This is a demonstration how a Netduino 3 board, four Adafruit Motor Shields, nanoFramework (https://nanoframework.net/) and Visual Studio 2017/C# can drive sixteen fischertechnik motors simultaneously smoothly accelerated and decelerated. fischertechnik is a German construction kit.
The modelOn the bottom there are 8 fischertechnik S motors, ontop 4 S motors, 3 XS motors and one older 6V Mini Motor. The red 15 mm connectors give a nice view of the motors spinning.
One 9V power supply delivers power to the four Motor Shields and thereby the motors themselve, another power supply is used for the Netduino board (at the bottom).
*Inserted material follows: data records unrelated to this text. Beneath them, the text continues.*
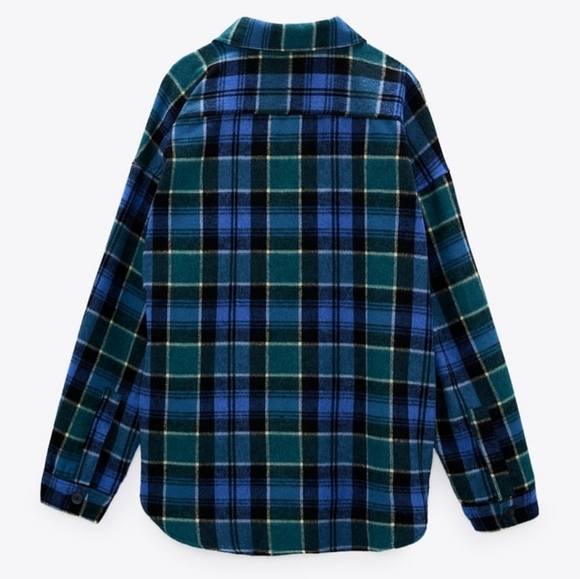 NWT ZARA | Blue Plaid Wool Blend Overshirt - Picture 10 of 11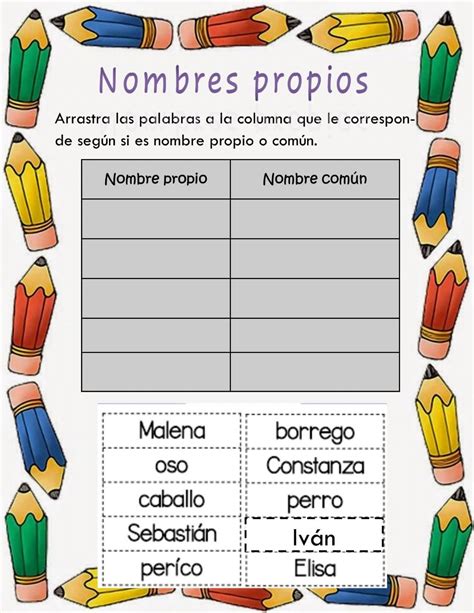 Rincón de actividades con nombres propios
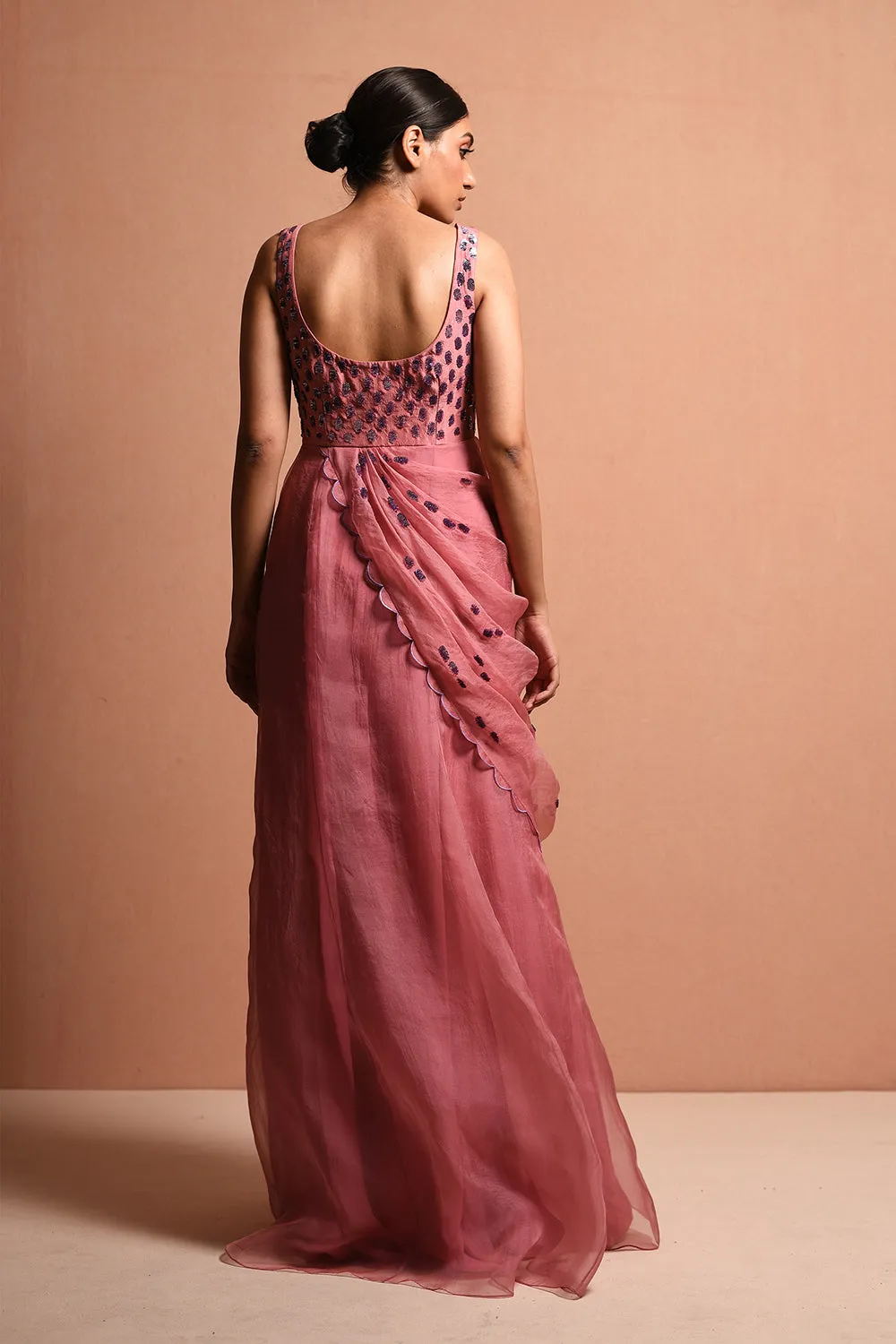 Radialwrap Saree Gown Features Cape Jacket And Organic Polka Dot Saree Gown In Silk Dupion And Silk Organza.
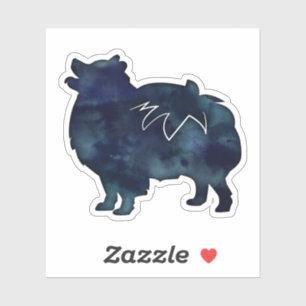 Spitz Hunde Zucht Wasserfarben Silhouette Aufkleber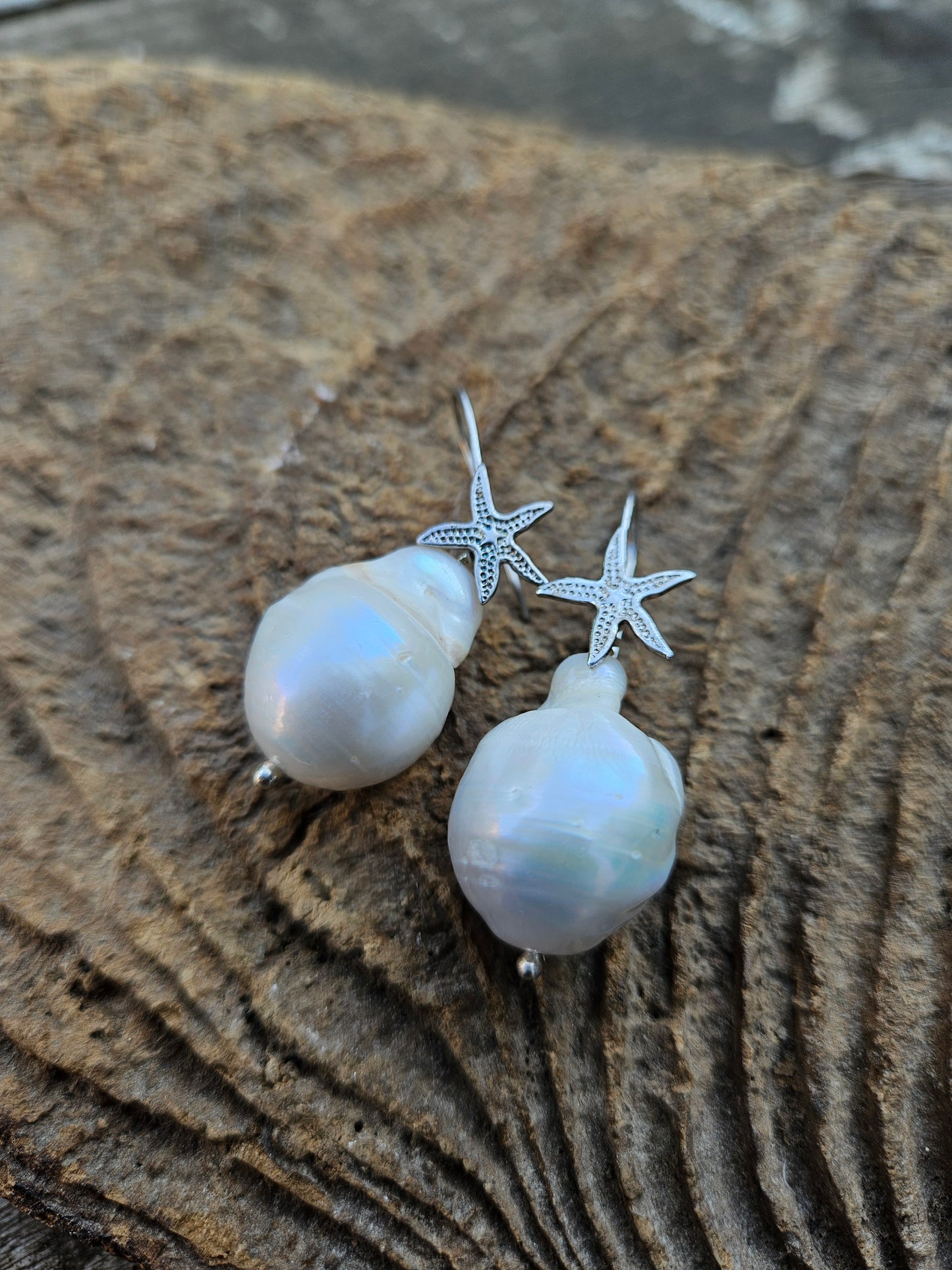 Baroque Pearl on 925 Silver Starfish Hooks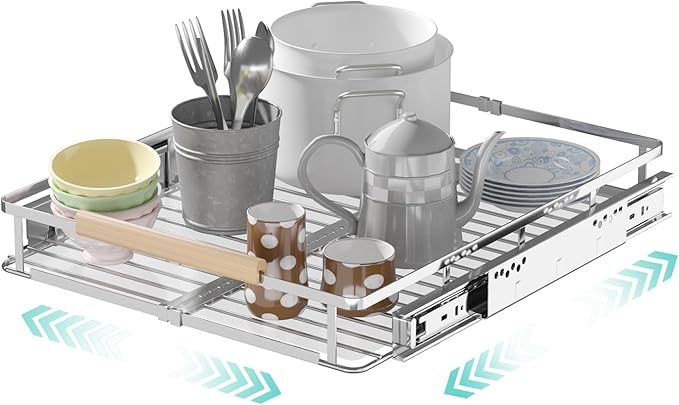 Expandable Pull Out Cabinet Organizer, Adjustable Width:12.3~18.5''W x 22.5''D Under Sink Organizer, Drawer Storage Shelves for Kitchen, Bathroom, Closet, Pantry, Cupboard, Pots, Pans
Each Motor Shield can drive up to four DC motors (or two stepper motors, for which a demo will follow also).
The normal onboard LED of the Netduino is smoothly lit up and dimmed again using its own thread in order to see if the board is still operating, and to demonstrate how smooth other things can be done while the CPU is busy with smoothly accelerating or decelerating the 16 motors and the I²C traffic necessary for that.
The three GoPort LEDs of the board are used to show the number of motors which have not yet reach the current target velocity during the smooth acceleration/deceleration: 1, 2, or 3 LEDs light up when 1, 2 or more than 2 motors have not yet reached their target speed. Every time when all motors have realized the target velocity, the three GoPort LEDs are off and a pause of thee seconds is made before the target speeds get changed again.
The software is example Sample08SmoothManyAnalogOutputs
of my abstract I/O framework (https://github.com/steffalk/AbstractIO). The demonstration is the fully board-independent Sample08SmoothManyAnalogOutputs
(see https://github.com/steffalk/AbstractIO/blob/master/source/AbstractIO.Samples/Sample08SmoothManyAnalogOutputs.cs), and the actual I/O objects of the Netduino and Adafruit boards are simply passed in.
I/O transformations using a simple to use fluent API: In this example, a simple I/O transformation is used to limit the voltage of the old fischertechnik motor to 6V instead of 9V just by coding:
shield3.GetDcMotor(1).Scaled(factor: 6.0 / 9.0)
)
The same is used to handle that one motors has its pins swapped (for demonstrating the framework) just by coding
shield4.GetDcMotor(1).Scaled(factor: -1.0)
There are many other transformations available for both input and output. See input transformations and output transformations. Let a lamp blink instead of just light up? Attach a single BlinkedWhenTrue
transformation! Let it smoothly blink? Just throw in an additional Smoothed
transformation! Replace a button with an analog photo cell light barrier? Attach a simple SchmittTrigger
transformation to the IAnalogInput to get an IBooleanInput.